- Jump Game 跳跃游戏
Given an array of non-negative integers, you are initially positioned at the first index of the array.
Each element in the array represents your maximum jump length at that position.
Determine if you are able to reach the last index.
class Solution {
public boolean canJump(int[] nums) {
int reach = 0;
int n = nums.length;
for(int i=0; i<n; i++){
if(i>reach || reach >=n-1)
break;
reach = Math.max(reach, i+nums[i]);
}
return reach >= n-1;
}
}
- Jump Game II
返回,能够调到lastIndex的最小跳跃次数
// 解法1: dp 会超时
class Solution {
public int jump(int[] nums) {
int n =nums.length;
// 两次遍历
// 外层遍历:终止节点
int[] sums= new int[nums.length]; // 代表了从开始到这里 消耗的最少步数
sums[0] = 0;
for(int i =1; i < n;i++){
// 内层遍历,上一个跳板节点
for(int j =0;j<i;j++){
if((j ==0 || sums[j]>0) && j+nums[j] >= i){
if(sums[i] > 0){
sums[i] = Math.min(sums[i] , sums[j]+1);
}else{
sums[i] = sums[j]+1;
}
}
}
}
// if(sums[n-1]>0)
return sums[n-1];
}
}
解法2: 贪心算法
以确定当前最远能覆盖的节点,放入curr。
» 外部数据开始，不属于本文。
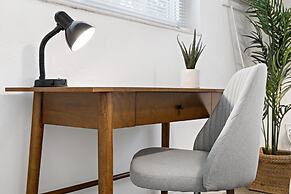 Lake Ridge Villa - Free Parking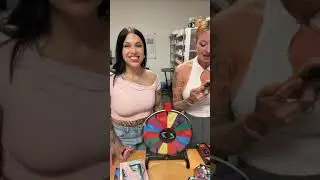 Top 5 Spoiled Cosmetics ORDER Packing Secrets Revealed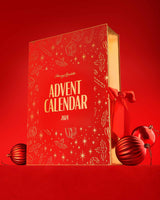 12 Days Of Pleasure & Play Advent Calendar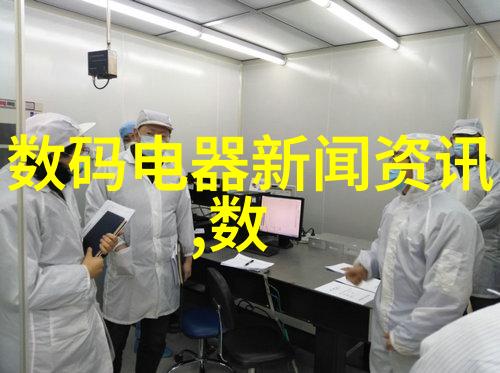 天津大学水利水电工程专业开启就业之门的教育殿堂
然后继续扫描,直到当前的路程超过了上一次算出的覆盖范围,那么更新覆盖范围,同时更新条数,因为我们是经过了多一跳才能继续前进的。
int res = 0, last =0, cur=0;
for(int i=0; i < nums.length; i++){
if(i > last){
res++;
last = cur;
}
cur = Math.max(cur, i + nums[i]);
}
return res;
- gas station
There are N gas stations along a circular route, where the amount of gas at station i is gas[i].
You have a car with an unlimited gas tank and it costs cost[i] of gas to travel from station i to its next station (i+1). You begin the journey with an empty tank at one of the gas stations.
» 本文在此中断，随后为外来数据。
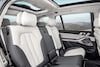 BMW X7 facelift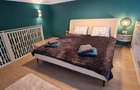 Apartament et.1, luxury class, langa Primarie cu balcon si vedere spre Parc - 19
Return the starting gas station's index if you can travel around the circuit once in the clockwise direction, otherwise return -1.
Note:
If there exists a solution, it is guaranteed to be unique.
Both input arrays are non-empty and have the same length.
Each element in the input arrays is a non-negative integer.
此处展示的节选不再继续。